Task to complete
Please return only the lines from the one holding "Prada Re-Edition 2005Re-Nylon" through the one holding "Long Metallic Sleeveless", exactly as they appear in the records below, both ends included.

Given information

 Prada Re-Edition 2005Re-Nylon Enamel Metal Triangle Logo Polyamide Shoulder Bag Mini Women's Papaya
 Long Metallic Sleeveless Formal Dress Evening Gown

==

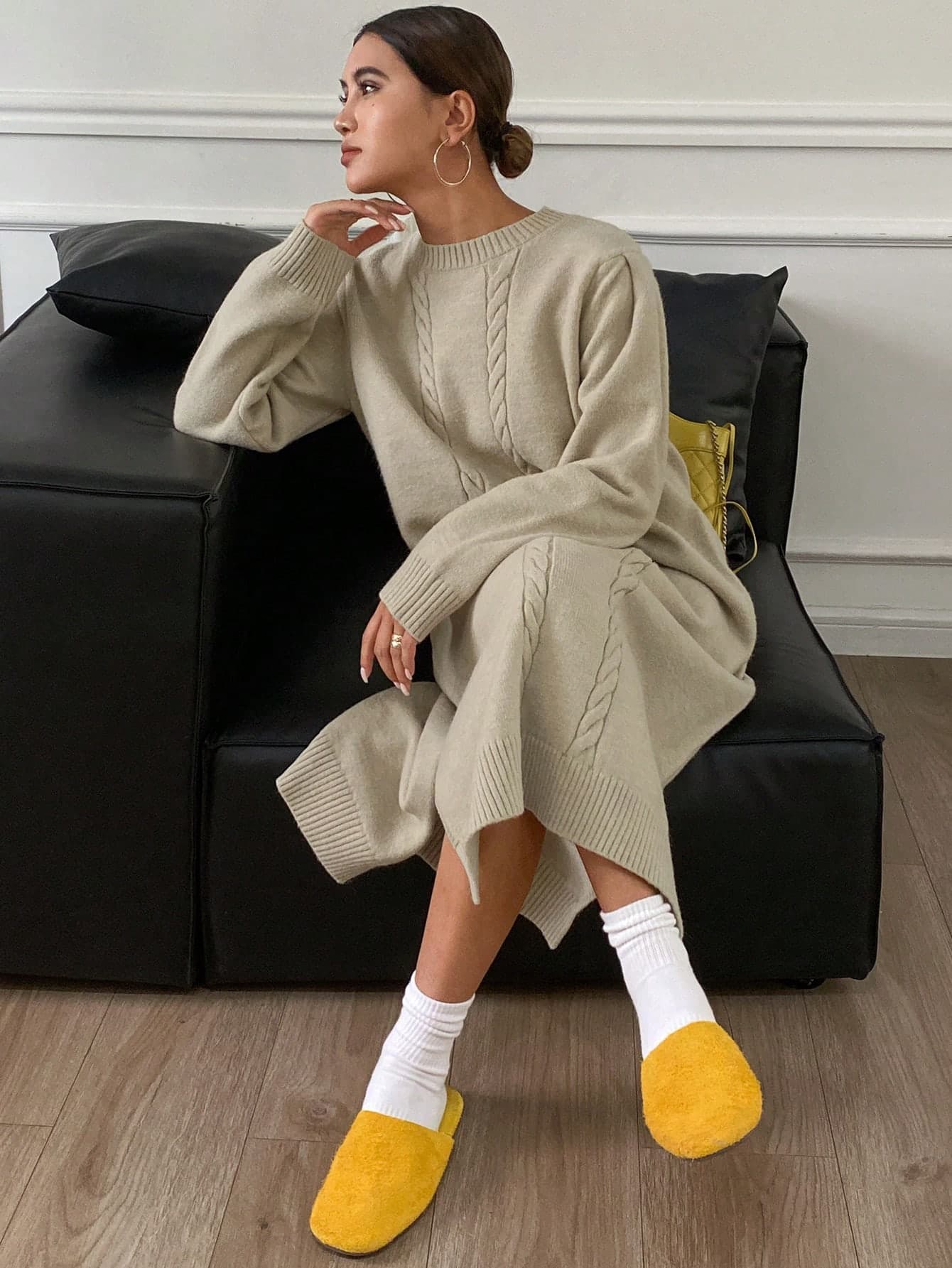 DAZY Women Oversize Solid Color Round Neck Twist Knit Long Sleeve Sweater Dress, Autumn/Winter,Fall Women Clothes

* * *

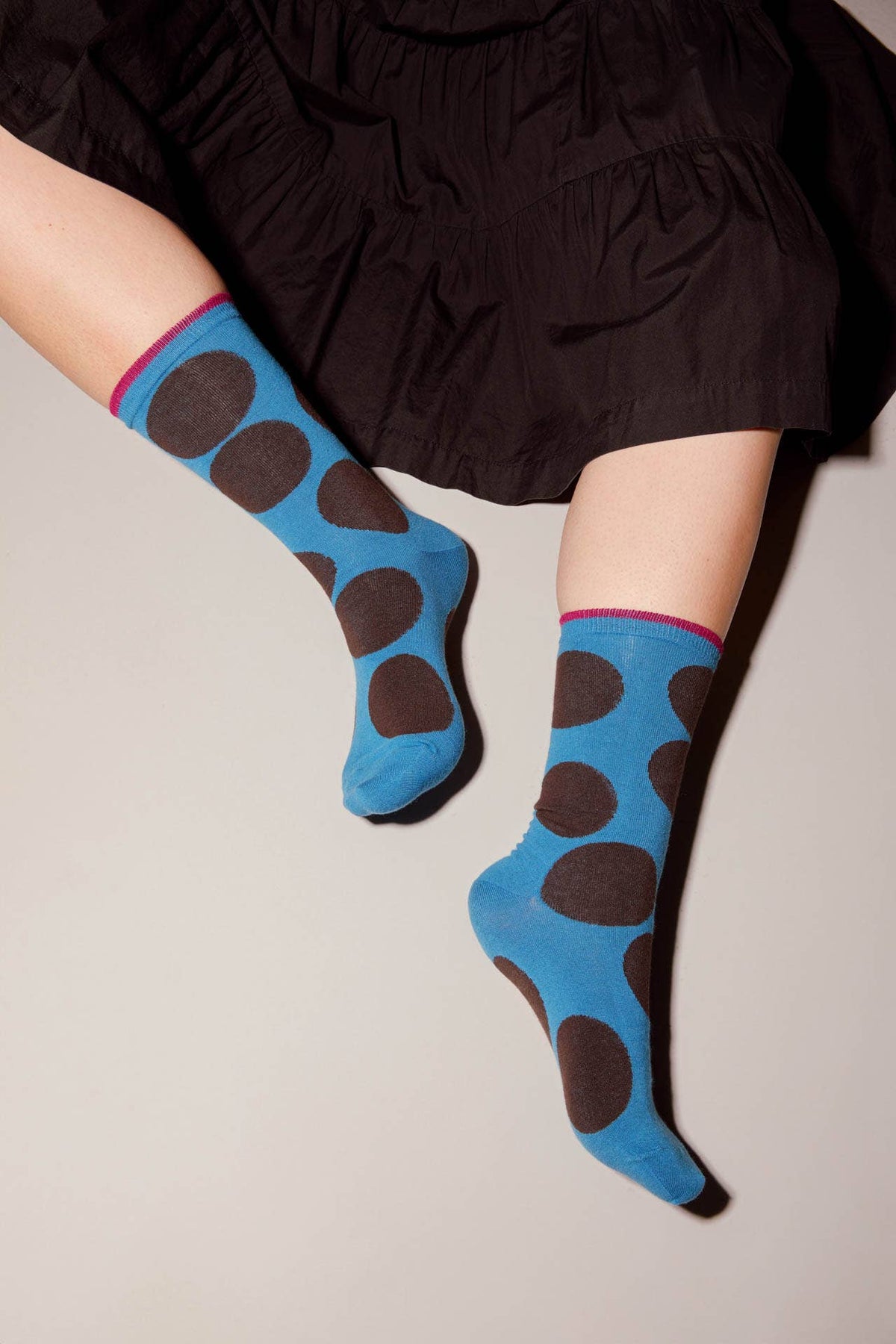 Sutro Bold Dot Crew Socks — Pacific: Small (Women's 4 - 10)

Output of the exercise
 Prada Re-Edition 2005Re-Nylon Enamel Metal Triangle Logo Polyamide Shoulder Bag Mini Women's Papaya
 Long Metallic Sleeveless Formal Dress Evening Gown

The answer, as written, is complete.